What does this mean ? Practically this implies that the cost of living in India is broadly a quarter of that in the US. Seen at an individual level, the average person has the ability to buy far more than the value of his rupee income looks like in US dollars within India. In the rest of this article we will look at how India’s GDP in PPP terms has evolved over time and how it relates to standard of living.
A Comparative Visual Timeline of Growth
Green indicates that the country in question was richer in terms of PPP GDP on a per capita basis. Red indicates India ranked higher. Cream indicates near parity.
This was the reality then - despite having only half of the population today, India had the same per capita purchasing power as Chad. Almost all of Africa was richer, including most of its poorest part - Sub-Saharan Africa.
In Asia there are a handful of countries with lower per capita income - Afghanistan, Nepal, Bangladesh, North Korea and Cambodia. In 2000, Pakistan had a higher PPP GDP than China did - both far ahead of India.
In 2015 India has slowly shed equivalence to Sub-Saharan Africa, and started to catch up to the bottom tier of the Americas in PPP GDP per capita. This was after close to 25 years of liberalization. In effect, Indian GDP growth at lower income levels was good but not groundbreaking. Now let us look at 2025 - the present day.

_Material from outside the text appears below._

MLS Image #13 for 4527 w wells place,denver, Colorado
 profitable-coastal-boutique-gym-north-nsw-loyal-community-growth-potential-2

Let’s start with Africa again:
India has a per capita PPP GDP on par with Lebanon, exceeding Yemen, Syria, Palestine and Jordan.
This progress is sometimes characterized negatively as “those are mostly war-torn countries, it’s not a big deal”. But it is - India was so far behind the curve that it took until 2025 to get here. As recently as the mid 2000s, India was still trending on par with Sub-Saharan Africa in terms of per capita PPP GDP and Human Development Index (HDI) - in fact India entered the ranks of High HDI in 2025 as well.
An implicit message in the above visual progression is that Indian per capita PPP GDP growth has shown an accelerating trend. This is more easily seen in the following figure:
While it took India thirteen years to go from $1000 to $2000 in per capita PPP GDP, it took a year to cover thousand dollar increments from $8050 per capita PPP GDP in 2021 to $12000 in 2025.
Given the differential in growth rates, India will overtake Philippines in per capita PPP GDP within the next year and will likely catch up with Indonesia, which is at $17000 to India’s $12000, around the end of the decade. At between $18000-22000 per capita PPP GDP, India will overtake the first couple of European countries - Kosovo, Moldova and Ukraine.
India adds 5 Sri Lankas or approximately 1.1x to 1.2x Bangladesh or Pakistanis economies to its economy every year. Note that the Indian data is the incremental GDP added each year. For all others, it is the total size of their economies.
There is no other regional body where one member adds more than the total sizes of every other country in that organization to its own economy every year. In fact India adds almost an entire SAARC to its economy every two years. Maharashtra alone is a much larger economy than any SAARC country. By 2030, Tamil Nadu, Uttar Pradesh, Gujarat and Karnataka will also have larger economies.
India adds more electrical installed capacity each year than the total installed capacity of Bangladesh or Pakistan. It produces more steel annually - 150 million tons - than all steel ever produced in Pakistan or Bangladesh in all of their history. In comparison, even NAFTA is less lopsided - Canada and Mexico are industrialized nations.
Conclusion
The good news however - is that over the past decade it has hit several milestones. It achieved total electrification by 2020 - almost twenty years behind China. It almost entirely eliminated absolute poverty.
Between the 2014 and 2025, it traversed the entire range from low HDI to high HDI today. The most notable result is that these wins are resulting in faster per capita PPP GDP growth rate - not just benchmarked against prior Indian performance, but better than the ASEAN,equal to or better even than China at this income level.